Re: [PATCH v2 1/2] mm, thp: check page mapping when truncating page cache

From: Hugh Dickins
Date: Mon Oct 04 2021 - 22:26:47 EST


On Mon, 4 Oct 2021, Matthew Wilcox wrote:
> On Mon, Oct 04, 2021 at 11:28:45AM -0700, Yang Shi wrote:
> > On Sat, Oct 2, 2021 at 10:09 AM Matthew Wilcox <willy@xxxxxxxxxxxxx> wrote:
> > > On Thu, Sep 30, 2021 at 10:39:14AM -0700, Yang Shi wrote:
> > > > On Thu, Sep 30, 2021 at 9:49 AM Hugh Dickins <hughd@xxxxxxxxxx> wrote:
> > > > > I assume you're thinking of one of the fuzzer blkdev ones:
> > > > > https://lore.kernel.org/linux-mm/CACkBjsbtF_peC7N_4mRfHML_BeiPe+O9DahTfr84puSG_J9rcQ@xxxxxxxxxxxxxx/
> > > > > or
> > > > > https://lore.kernel.org/lkml/CACkBjsYwLYLRmX8GpsDpMthagWOjWWrNxqY6ZLNQVr6yx+f5vA@xxxxxxxxxxxxxx/
> > > > >
> > > > > I haven't started on those ones yet: yes, I imagine one or both of those
> > > > > will need a further fix (S_ISREG() check somewhere if we're lucky; but
> > > > > could well be nastier); but for the bug in this thread, I expect
> > > >
> > > > Makes sense to me. We should be able to check S_ISREG() in khugepaged,
> > > > if it is not a regular file, just bail out. Sounds not that nasty to
> > > > me AFAIU.
> > >
> > > I don't see why we should have an S_ISREG() check. I agree it's not the
> > > intended usecase, but it ought to work fine. Unless there's something
> > > I'm missing?
> >
> > Check out this bug report:
> > https://lore.kernel.org/lkml/CACkBjsYwLYLRmX8GpsDpMthagWOjWWrNxqY6ZLNQVr6yx+f5vA@xxxxxxxxxxxxxx/
> > and the patch from me:
> > https://lore.kernel.org/linux-mm/20210917205731.262693-1-shy828301@xxxxxxxxx/
> >
> > I don't think we handle buffers correctly for file THP, right? My
> > patch is ad hoc, so I thought Hugh's suggestion makes some sense to
> > me. Why do we have THP collapsed for unintended usecase in the first
> > place?
>
> OK, I've done some more digging. I think what's going on with this
> report is userspace opens the block device RO, causes the page cache to
> be loaded with data, then khugepaged comes in and creates THPs.

Yes.

> What confuses me is that these THPs have private data attached to them.
> I don't know how that happens. If it's block device specific, then
> yes, something like your S_ISREG() idea should work fine. Otherwise,
> we might need to track down another problem.

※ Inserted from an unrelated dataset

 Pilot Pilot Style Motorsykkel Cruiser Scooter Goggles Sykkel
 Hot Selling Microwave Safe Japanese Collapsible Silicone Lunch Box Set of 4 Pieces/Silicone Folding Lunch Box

Agreed, the file THP is created without PagePrivate, so the puzzle was
why the read-only cached page would later become page_has_private().

The C repro showed that it uses (a BTRFS_IOC_ADD_DEV ioctl which might
not be relevant and) a BLKRRPART ioctl 0x125f: I didn't follow BLKRRPART
all the way down, but imagine it has to attach buffer-heads to re-read
the partition table. Which would explain it.

Aside from that particular ioctl, it seems a good idea to insist on
S_ISREG just to shrink the attack surface: as Yang Shi says, executable
THP on block device was never an intended usecase, and not a usecase
anyone is likely to miss! And that fuzzer appears to delight in
tormenting /dev/nullb0, so let's just seal off that avenue.

You're right to have some doubt, as to whether there might be other
ways for buffer-heads to get attached, even on a read-only regular
file; but no way has sprung to my mind, and READ_ONLY_THP_FOR_FS has
survived well in its intended usage: so I think we should proceed on
the assumption that no further bugs remain - then fix them when found.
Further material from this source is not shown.